_YOUR INSTRUCTIONS_
Among the entries below, find the line with "yaseminfuches nude photo #0004 from OnlyFans", then quote it and each following line up to and including the line with "Quarto Duplo com", and nothing else.

_GIVEN ENTRIES_
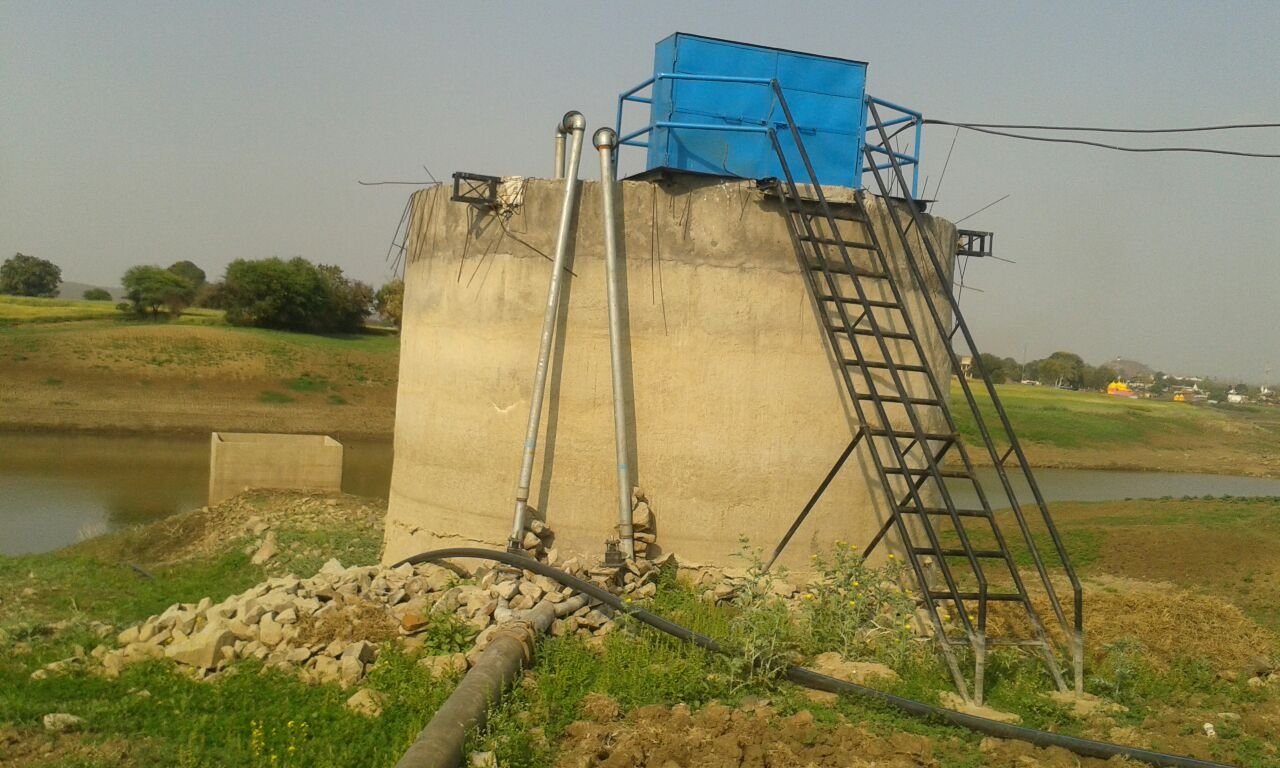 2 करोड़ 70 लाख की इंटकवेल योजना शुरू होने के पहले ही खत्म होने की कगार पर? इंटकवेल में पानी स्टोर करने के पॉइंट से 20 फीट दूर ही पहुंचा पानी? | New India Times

...

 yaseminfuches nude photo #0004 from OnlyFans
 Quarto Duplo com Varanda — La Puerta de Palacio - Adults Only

_TASK RESULT_
 yaseminfuches nude photo #0004 from OnlyFans
 Quarto Duplo com Varanda — La Puerta de Palacio - Adults Only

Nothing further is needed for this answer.